The agreement to extend the Kyoto Protocol to 2020 only covers about 15 percent of emissions worldwide. Countries’ lack of ambition and their failure to commit to deeper reductions means that global carbon markets will remain depressed for some time, said Stig Schjølset, head of EU Carbon Analysis, Thomson Reuters Point Carbon.
Without deeper reduction targets, investment in the Clean Development Mechanism, one of two carbon offset schemes that operate under the UN climate framework, is likely to dry up and it will be very difficult to get any of the new market mechanisms discussed at UN level off the drawing board, Schjølset said.
Under the Clean Development Mechanism, governments and companies can invest in emissions reduction projects in exchange for tradeable credits known as Certified Emission Reductions, which then can be used to meet climate targets.

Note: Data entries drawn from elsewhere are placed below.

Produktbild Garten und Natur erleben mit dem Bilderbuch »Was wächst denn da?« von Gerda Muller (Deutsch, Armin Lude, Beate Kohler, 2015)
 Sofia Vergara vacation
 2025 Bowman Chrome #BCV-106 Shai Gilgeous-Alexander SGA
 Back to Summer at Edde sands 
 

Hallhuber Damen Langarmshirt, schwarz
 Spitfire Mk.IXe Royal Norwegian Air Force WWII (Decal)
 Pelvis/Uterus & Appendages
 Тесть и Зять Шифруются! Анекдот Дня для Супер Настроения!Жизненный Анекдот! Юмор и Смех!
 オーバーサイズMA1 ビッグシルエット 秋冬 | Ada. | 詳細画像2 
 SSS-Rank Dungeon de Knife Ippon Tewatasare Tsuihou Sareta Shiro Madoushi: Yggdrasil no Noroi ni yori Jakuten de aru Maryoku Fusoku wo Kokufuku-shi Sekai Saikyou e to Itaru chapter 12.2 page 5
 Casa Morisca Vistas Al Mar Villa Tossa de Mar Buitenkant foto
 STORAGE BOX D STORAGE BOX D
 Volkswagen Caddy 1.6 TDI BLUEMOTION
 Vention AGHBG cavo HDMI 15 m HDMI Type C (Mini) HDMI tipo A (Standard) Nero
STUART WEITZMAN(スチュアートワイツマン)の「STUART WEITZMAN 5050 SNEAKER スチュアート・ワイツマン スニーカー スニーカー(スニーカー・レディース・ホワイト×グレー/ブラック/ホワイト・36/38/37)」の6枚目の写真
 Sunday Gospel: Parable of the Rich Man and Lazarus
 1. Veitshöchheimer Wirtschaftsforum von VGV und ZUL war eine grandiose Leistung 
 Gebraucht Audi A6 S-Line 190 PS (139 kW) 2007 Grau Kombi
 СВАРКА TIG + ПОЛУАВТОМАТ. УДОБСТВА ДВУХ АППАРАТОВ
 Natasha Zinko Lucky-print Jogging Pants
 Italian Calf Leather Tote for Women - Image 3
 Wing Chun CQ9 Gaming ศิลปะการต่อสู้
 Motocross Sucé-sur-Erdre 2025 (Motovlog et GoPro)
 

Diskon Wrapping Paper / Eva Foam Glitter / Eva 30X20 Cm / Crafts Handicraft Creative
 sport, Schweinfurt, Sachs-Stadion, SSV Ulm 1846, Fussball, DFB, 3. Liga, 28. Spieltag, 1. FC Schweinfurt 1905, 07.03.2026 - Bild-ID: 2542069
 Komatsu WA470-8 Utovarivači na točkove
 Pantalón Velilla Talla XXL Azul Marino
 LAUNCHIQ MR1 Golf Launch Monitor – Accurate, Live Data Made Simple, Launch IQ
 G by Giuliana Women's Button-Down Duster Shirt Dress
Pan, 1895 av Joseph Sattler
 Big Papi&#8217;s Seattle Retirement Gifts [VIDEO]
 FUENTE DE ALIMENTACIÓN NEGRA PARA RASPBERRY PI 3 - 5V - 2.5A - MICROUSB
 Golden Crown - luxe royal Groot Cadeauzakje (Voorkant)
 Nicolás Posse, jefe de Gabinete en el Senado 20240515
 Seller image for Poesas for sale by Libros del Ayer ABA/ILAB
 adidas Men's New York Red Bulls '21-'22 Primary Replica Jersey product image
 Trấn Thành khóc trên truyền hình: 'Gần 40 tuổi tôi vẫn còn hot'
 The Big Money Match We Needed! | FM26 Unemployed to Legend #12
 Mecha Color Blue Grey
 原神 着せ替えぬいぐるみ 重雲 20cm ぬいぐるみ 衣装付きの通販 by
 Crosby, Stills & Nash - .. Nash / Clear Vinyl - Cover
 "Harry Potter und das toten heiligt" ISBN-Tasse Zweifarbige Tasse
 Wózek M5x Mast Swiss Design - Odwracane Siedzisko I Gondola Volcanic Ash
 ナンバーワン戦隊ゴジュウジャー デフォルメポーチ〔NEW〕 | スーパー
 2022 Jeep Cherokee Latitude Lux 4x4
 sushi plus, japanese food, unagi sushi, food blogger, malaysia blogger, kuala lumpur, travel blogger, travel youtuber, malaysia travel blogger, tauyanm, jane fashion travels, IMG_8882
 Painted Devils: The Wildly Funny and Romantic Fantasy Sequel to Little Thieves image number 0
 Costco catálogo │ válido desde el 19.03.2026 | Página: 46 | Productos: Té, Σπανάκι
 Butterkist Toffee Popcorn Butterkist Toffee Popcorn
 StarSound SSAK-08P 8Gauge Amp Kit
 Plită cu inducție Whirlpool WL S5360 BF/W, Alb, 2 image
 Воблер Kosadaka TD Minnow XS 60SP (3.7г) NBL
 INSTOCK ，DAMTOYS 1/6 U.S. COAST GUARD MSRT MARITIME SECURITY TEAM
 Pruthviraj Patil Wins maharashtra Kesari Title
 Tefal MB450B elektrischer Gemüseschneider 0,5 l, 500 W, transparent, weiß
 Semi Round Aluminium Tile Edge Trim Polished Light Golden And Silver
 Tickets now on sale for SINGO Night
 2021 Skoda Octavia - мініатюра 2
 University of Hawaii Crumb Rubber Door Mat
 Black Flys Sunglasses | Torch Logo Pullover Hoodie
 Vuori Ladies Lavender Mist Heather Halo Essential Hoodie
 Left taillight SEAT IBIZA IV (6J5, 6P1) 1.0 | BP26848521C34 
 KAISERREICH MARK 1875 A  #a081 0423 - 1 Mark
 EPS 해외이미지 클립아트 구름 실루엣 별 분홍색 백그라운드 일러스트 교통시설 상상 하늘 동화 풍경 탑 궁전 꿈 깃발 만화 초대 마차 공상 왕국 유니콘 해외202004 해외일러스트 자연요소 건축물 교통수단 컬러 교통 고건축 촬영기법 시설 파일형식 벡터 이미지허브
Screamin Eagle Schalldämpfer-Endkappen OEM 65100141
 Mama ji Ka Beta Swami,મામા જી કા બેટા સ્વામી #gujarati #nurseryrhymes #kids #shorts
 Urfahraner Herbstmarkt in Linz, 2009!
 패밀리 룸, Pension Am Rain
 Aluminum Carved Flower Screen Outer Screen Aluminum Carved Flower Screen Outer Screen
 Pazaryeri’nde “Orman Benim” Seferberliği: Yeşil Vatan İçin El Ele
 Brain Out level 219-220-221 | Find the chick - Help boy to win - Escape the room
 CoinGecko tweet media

In the lead up to the climate talks, carbon-trading company Orbeo predicted prices for UN emissions credits may drop to almost zero this year. As of late October, the price of CERs had dropped 85 percent in the past year because of an oversupplied market.
CER prices have since continued their decline. CERs for December fell today to a record 56 euro cents ($0.73) a metric ton on the ICE Futures Europe exchange in London, Bloomberg reported.
The European Union did reach an internal agreement on how to deal with its surplus of international allowances known as Assigned Amount Units, reported Reuters. The EU text was included in the final package of agreements known as the Doha Climate Gateway.
Under the agreement, allowances will be carried over into a second Kyoto commitment period, reported Reuters. However, allowance purchases would be limited to 2 percent of the purchaser’s national allocation.
Even that extra purchasing power is unlikely to be met. Australia, the EU, Japan, Liechtenstein, Norway and Switzerland—the only countries likely to purchase allowances — made declarations saying they would not buy them, a move that ensures they have limited market value.